JRA賞の表彰式が先日、都内のホテルで行われました。年度代表馬ディープインパクト陣営を中心に、去年活躍したホースマンの晴れやかな表情の中で、久しぶりに橋口調教師のエビス顔を拝見できました。
ハーツクライの有馬記念で見せた脅威の進化ぶりは、一体どこからきたものか、調教パートナーの鎌田祐一さんに聞いてみました。
それによると、ダービー2着後のしばらくの期間は本来の調子になく、ずっと苦しい日々だったそうです。それが、去年の秋になって体調が良くなり、あれだけ激走したジャパンCのあとも、上昇カーブを描いていたということです。

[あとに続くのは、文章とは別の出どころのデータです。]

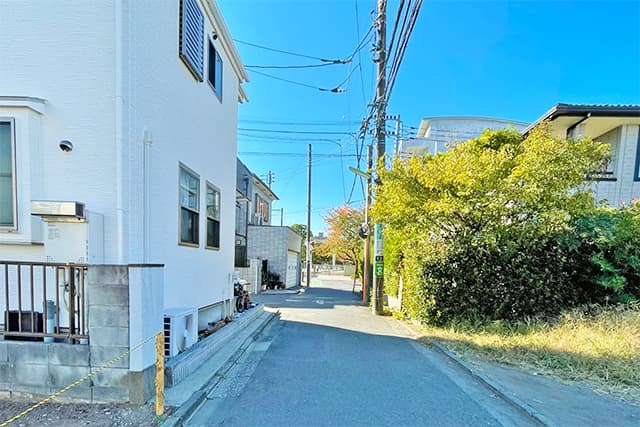前面道路①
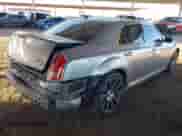 2013 Chrysler 300 S z VIN 2C3CCABG2DH709734, wystawiony jako IAAI lot #42288145 z przebiegiem 86 941 mil mil oraz . Historia ofert i sprzedaży dostępna na DreamBid. Obrazek 4.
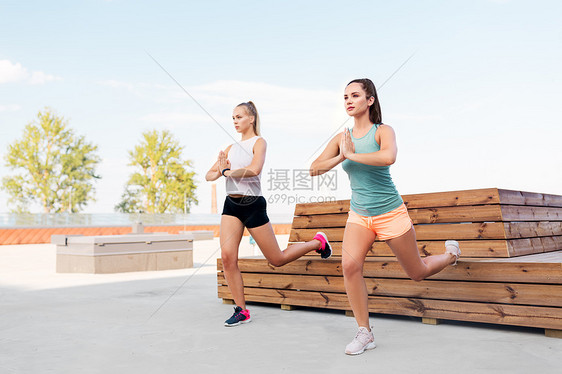 健身,运动健康的生活方式轻的妇女女朋友户外分开蹲妇女训练分开蹲图片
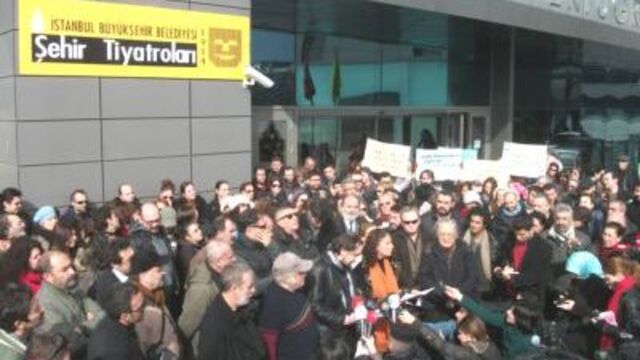 Nasıl bir Şehir Tiyatroları?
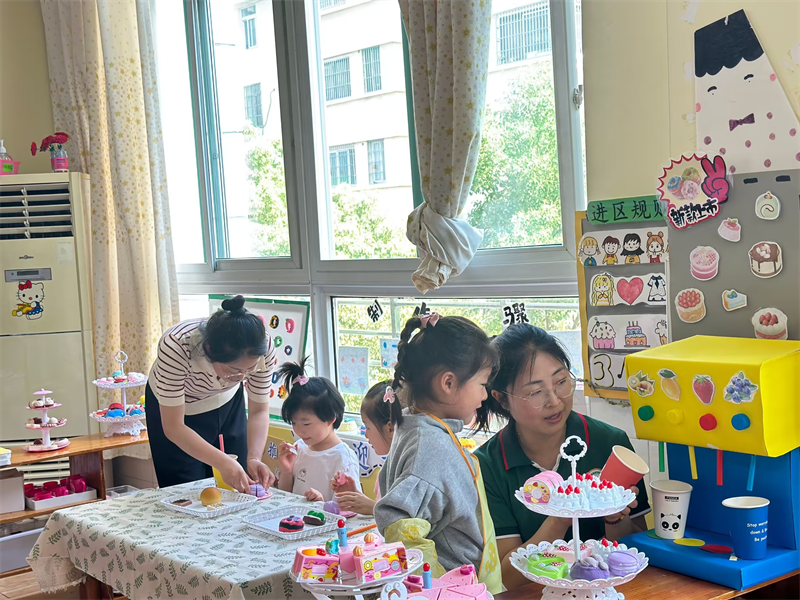 �Ϸ������v�׽̼��F���v�@�^���ж��M�_չ���л��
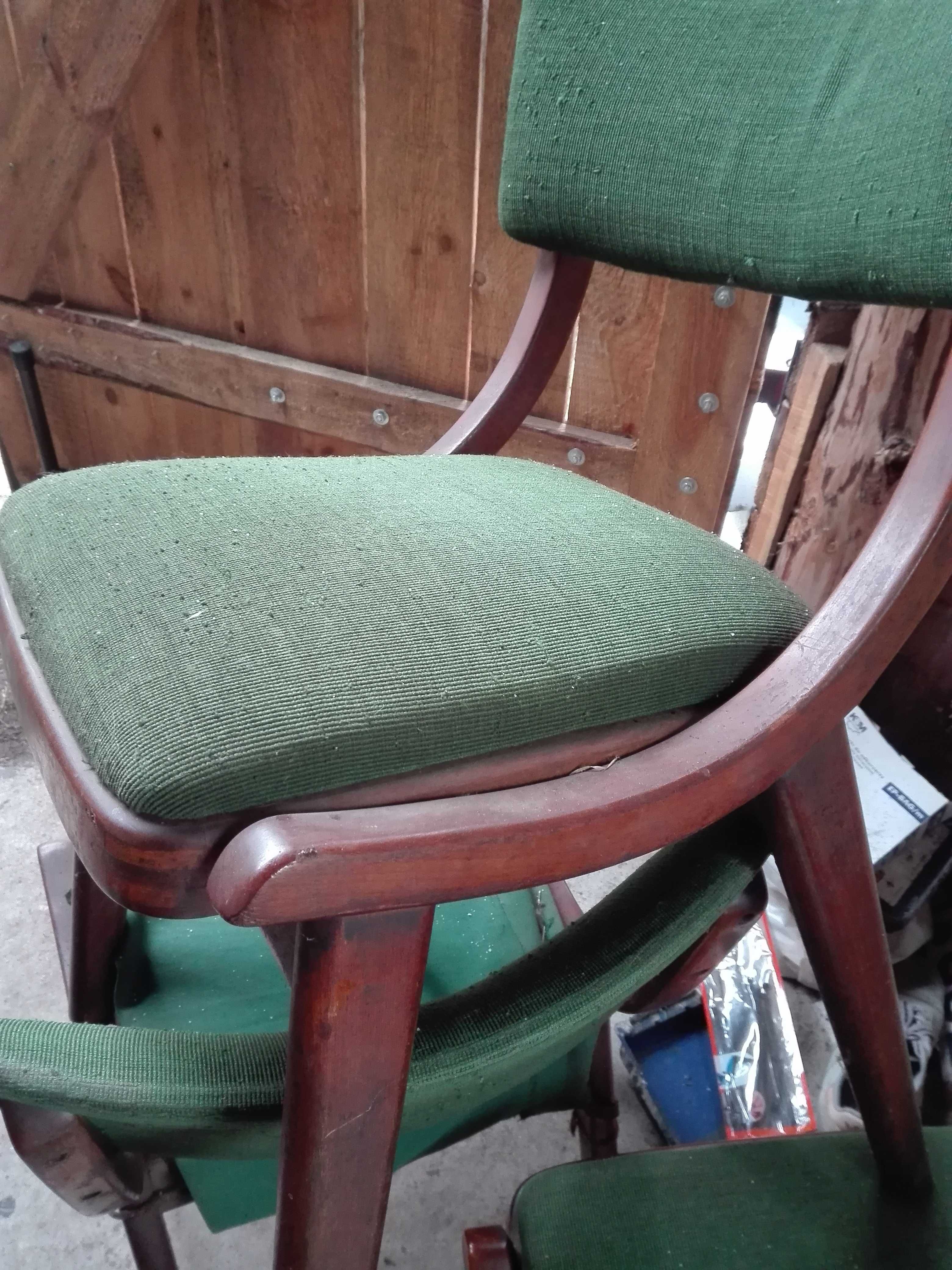 Krzesła skoczki prl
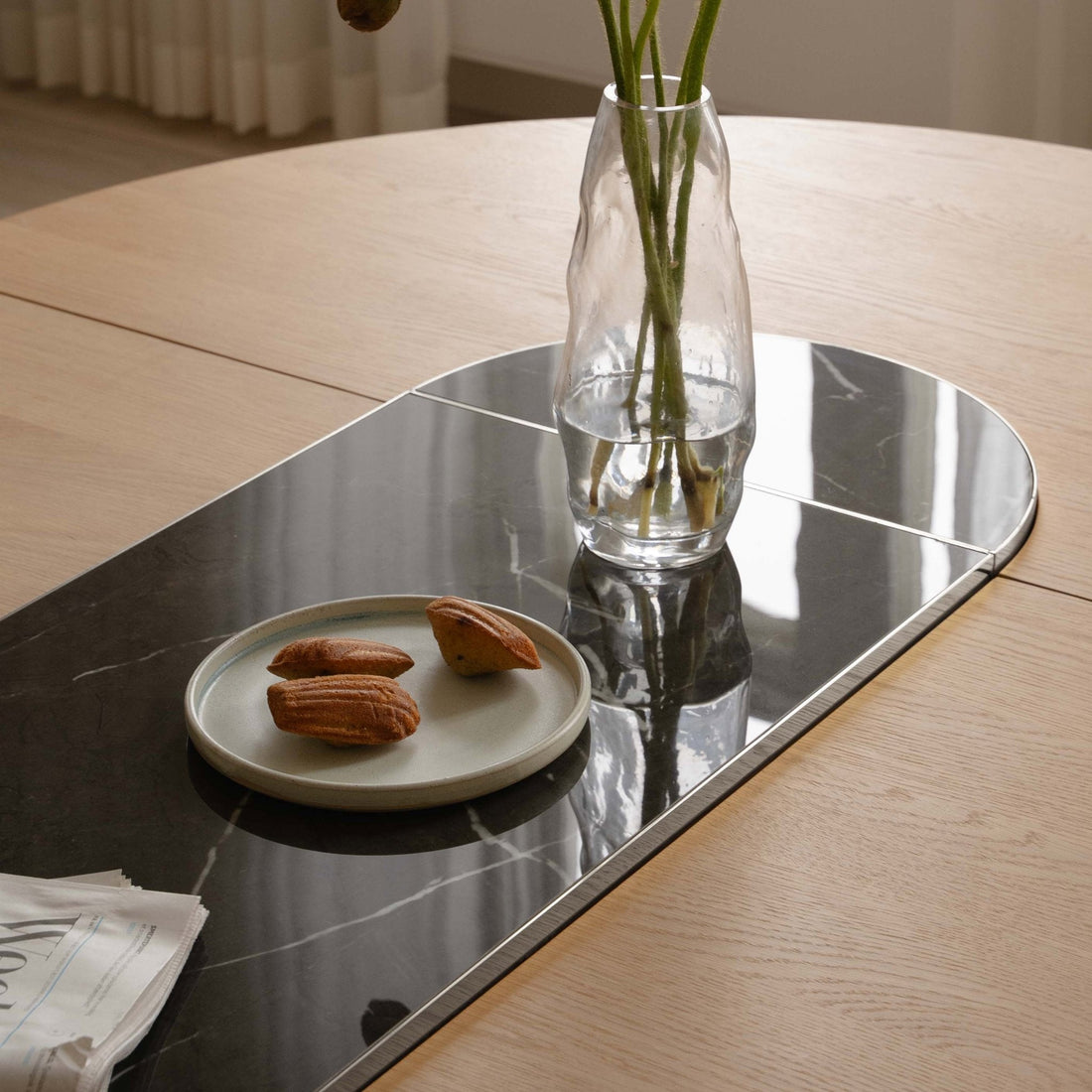UMAGE Lifestyle Comfort Circle Extendable Dining Table Oak Ceramic Top Nero Steel (8) (1).jpeg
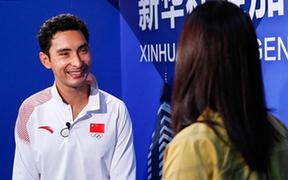 约大牌|华天：中文进步一点点 马儿也要倒时差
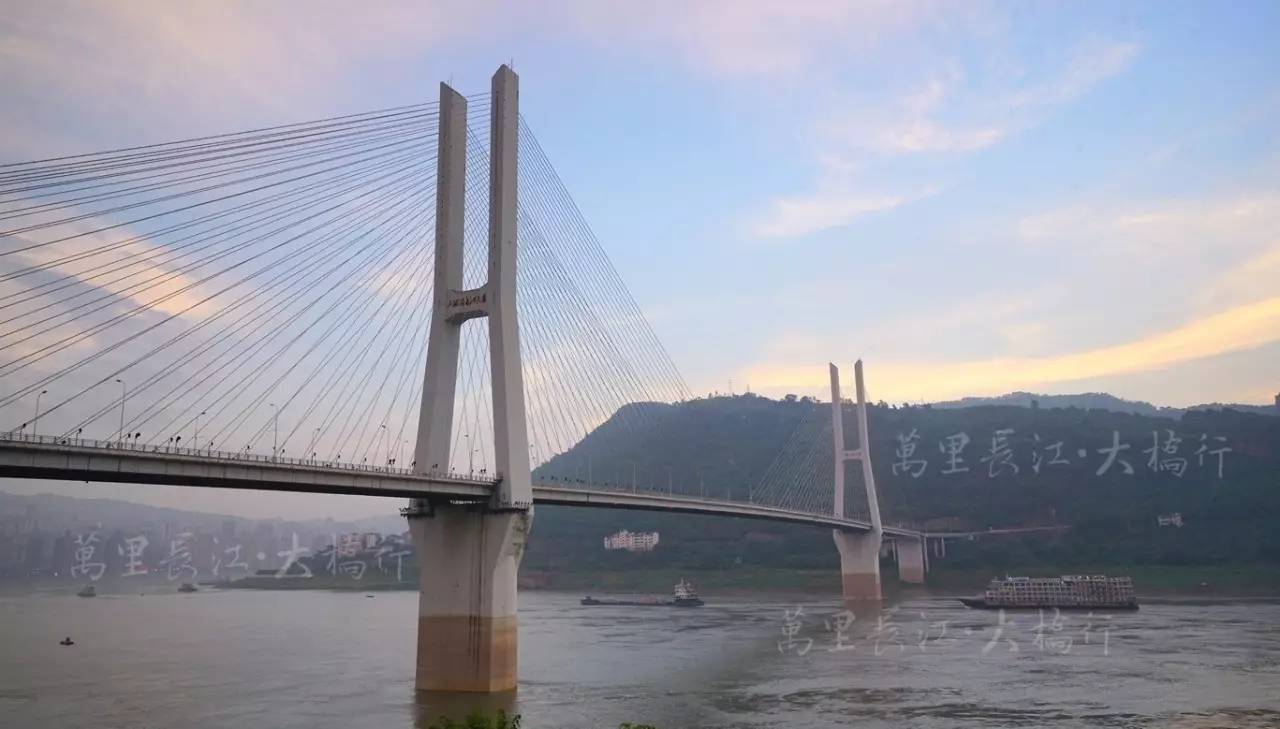 乌江在重庆市涪陵区自南向北汇入长江,石板沟长江大桥位于乌江口下游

側にいらした橋口さんも、マスコミの皆さんに調子の良さを一生懸命伝えたんですよと語っていました。とにかく、調教師というのは、馬の調子のいいときには話したくて仕方がないものなのだそうで、相手が無敵の三冠馬で、しかもあれだけ期待されているムードの中、本当に勝てるかどうか分からないにしろ、3cmの差で負けたジャパンCの悔しさを晴らしたいという思いが強かったと、その時をふり返っていました。
それでも御二人共、有馬記念の戦い方にはびっくりしたと、あの先行策があくまでも騎手の判断であったと、ヨーロッパの騎手の本能がそうさせたのだろうと口を揃えていました。橋口さんは、3番手にいるんでどうなるんだろうと見ていたそうです。
それでも、本当に強い馬ならああいうレースもできるもので、ハーツクライがそうした強豪たる資格があるということを強調していました。ステイヤーなのかという問いには鎌田さんは、一番力が出せるのは2400m前後だと言っています。騎手もそう言っていたそうです。
ディープインパクト一色から、これに対抗するものが登場したという実感を得たパーティーの夜でした。